The claim that oral BPC-157 “survives gastric transit” rests almost entirely on a single in-vitro experiment reported in several papers from Predrag Sikiric’s Zagreb group: the peptide was incubated in freshly collected human gastric juice at 37 °C for 24 h and no loss of the parent molecule was detected ([Pentadecapeptide BPC 157 Interactions with Adrenergic and Dopaminergic Systems in Mucosal Protection in Stress]; [Beneficial effect of a novel pentadecapeptide BPC 157 on gastric lesions]). Using the same source they also showed that EGF and TGF-α disappeared within 15 min under identical conditions, so BPC-157 was pronounced “exceptionally stable” and the door to oral use was declared open.
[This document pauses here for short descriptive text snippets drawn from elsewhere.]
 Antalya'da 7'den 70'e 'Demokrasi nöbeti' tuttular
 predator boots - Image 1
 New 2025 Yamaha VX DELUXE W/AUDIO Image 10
No other laboratory has repeated this incubation, and no human pharmacokinetic study—blood or urine sampling after a defined oral dose with validated LC-MS/MS quantification—has ever been published. Every oral “dose–response” in the literature is therefore inferred from rodent lesion scores, not from measured systemic exposure.
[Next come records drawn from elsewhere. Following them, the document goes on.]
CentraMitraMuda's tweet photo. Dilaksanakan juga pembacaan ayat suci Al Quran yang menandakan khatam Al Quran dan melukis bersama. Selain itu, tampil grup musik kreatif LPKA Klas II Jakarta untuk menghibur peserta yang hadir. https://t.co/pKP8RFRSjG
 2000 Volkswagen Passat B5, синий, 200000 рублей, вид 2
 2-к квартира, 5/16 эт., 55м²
What the books do make clear is that the peptide is biologically active when it reaches tissue. In more than forty rat or mouse studies summarized in [The pharmacological properties of the novel peptide BPC 157] gastric, duodenal, NSAID-, ethanol-, or stress-induced lesions are consistently reduced after intragastric administration of 10 ng-10 µg/kg; similar protection is seen when the same dose is given sub-cutaneously or intraperitoneally. The fact that the effect size is route-independent is interpreted by the authors as “proof” that the swallowed peptide arrives intact. Yet the same books show that the pharmacology is largely local: capsaicin-denervated rats lose the protection unless the peptide is injected, vagotomy does not abolish intragastric protection, and the molecule accelerates healing of esophageal, colonic, skin, tendon and even brain injuries when applied topically or given parenterally ([Long-lasting cytoprotection after pentadecapeptide BPC 157]; [Traumatic brain injury in mice and pentadecapeptide BPC 157]). Thus the rodent data are equally compatible with two non-exclusive scenarios: (i) a small but sufficient fraction survives gastric and enzymatic degradation and enters the systemic compartment, or (ii) the peptide acts locally on mucosal innate-immune, adrenergic and nitric-oxide targets before it is degraded, and the systemic effects observed after parenteral dosing are simply not required for the gastric read-out.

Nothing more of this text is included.